Brief descriptive captions:
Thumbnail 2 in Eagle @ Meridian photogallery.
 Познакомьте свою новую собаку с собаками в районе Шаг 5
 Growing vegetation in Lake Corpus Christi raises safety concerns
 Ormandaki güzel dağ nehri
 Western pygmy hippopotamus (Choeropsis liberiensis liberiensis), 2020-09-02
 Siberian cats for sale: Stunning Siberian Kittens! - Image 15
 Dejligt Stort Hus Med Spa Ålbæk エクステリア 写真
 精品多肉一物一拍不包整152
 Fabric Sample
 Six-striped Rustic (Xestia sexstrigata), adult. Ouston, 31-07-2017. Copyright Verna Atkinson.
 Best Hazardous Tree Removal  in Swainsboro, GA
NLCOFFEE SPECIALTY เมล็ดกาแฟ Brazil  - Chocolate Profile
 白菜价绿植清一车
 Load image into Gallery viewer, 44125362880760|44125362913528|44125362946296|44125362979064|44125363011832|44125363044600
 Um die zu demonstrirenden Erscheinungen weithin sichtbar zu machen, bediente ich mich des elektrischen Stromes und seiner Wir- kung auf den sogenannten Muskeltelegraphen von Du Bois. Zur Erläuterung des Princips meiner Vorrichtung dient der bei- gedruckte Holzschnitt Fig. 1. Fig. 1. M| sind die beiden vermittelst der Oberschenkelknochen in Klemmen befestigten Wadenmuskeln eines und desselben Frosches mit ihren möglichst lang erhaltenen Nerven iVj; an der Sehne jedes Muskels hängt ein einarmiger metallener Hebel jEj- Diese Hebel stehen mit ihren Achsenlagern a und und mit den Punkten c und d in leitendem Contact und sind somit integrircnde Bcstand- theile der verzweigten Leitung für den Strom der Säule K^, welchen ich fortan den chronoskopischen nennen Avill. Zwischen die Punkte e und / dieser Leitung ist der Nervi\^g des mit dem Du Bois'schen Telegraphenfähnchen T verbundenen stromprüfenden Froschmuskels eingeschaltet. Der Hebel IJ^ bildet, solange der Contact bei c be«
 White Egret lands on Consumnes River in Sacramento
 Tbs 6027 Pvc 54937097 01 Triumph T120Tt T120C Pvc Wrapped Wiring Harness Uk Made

* What you have to do *
Word for word, give back all the lines above.

* Response to this task *
Thumbnail 2 in Eagle @ Meridian photogallery.
 Познакомьте свою новую собаку с собаками в районе Шаг 5
 Growing vegetation in Lake Corpus Christi raises safety concerns
 Ormandaki güzel dağ nehri
 Western pygmy hippopotamus (Choeropsis liberiensis liberiensis), 2020-09-02
 Siberian cats for sale: Stunning Siberian Kittens! - Image 15
 Dejligt Stort Hus Med Spa Ålbæk エクステリア 写真
 精品多肉一物一拍不包整152
 Fabric Sample
 Six-striped Rustic (Xestia sexstrigata), adult. Ouston, 31-07-2017. Copyright Verna Atkinson.
 Best Hazardous Tree Removal  in Swainsboro, GA
NLCOFFEE SPECIALTY เมล็ดกาแฟ Brazil  - Chocolate Profile
 白菜价绿植清一车
 Load image into Gallery viewer, 44125362880760|44125362913528|44125362946296|44125362979064|44125363011832|44125363044600
 Um die zu demonstrirenden Erscheinungen weithin sichtbar zu machen, bediente ich mich des elektrischen Stromes und seiner Wir- kung auf den sogenannten Muskeltelegraphen von Du Bois. Zur Erläuterung des Princips meiner Vorrichtung dient der bei- gedruckte Holzschnitt Fig. 1. Fig. 1. M| sind die beiden vermittelst der Oberschenkelknochen in Klemmen befestigten Wadenmuskeln eines und desselben Frosches mit ihren möglichst lang erhaltenen Nerven iVj; an der Sehne jedes Muskels hängt ein einarmiger metallener Hebel jEj- Diese Hebel stehen mit ihren Achsenlagern a und und mit den Punkten c und d in leitendem Contact und sind somit integrircnde Bcstand- theile der verzweigten Leitung für den Strom der Säule K^, welchen ich fortan den chronoskopischen nennen Avill. Zwischen die Punkte e und / dieser Leitung ist der Nervi\^g des mit dem Du Bois'schen Telegraphenfähnchen T verbundenen stromprüfenden Froschmuskels eingeschaltet. Der Hebel IJ^ bildet, solange der Contact bei c be«
 White Egret lands on Consumnes River in Sacramento
 Tbs 6027 Pvc 54937097 01 Triumph T120Tt T120C Pvc Wrapped Wiring Harness Uk Made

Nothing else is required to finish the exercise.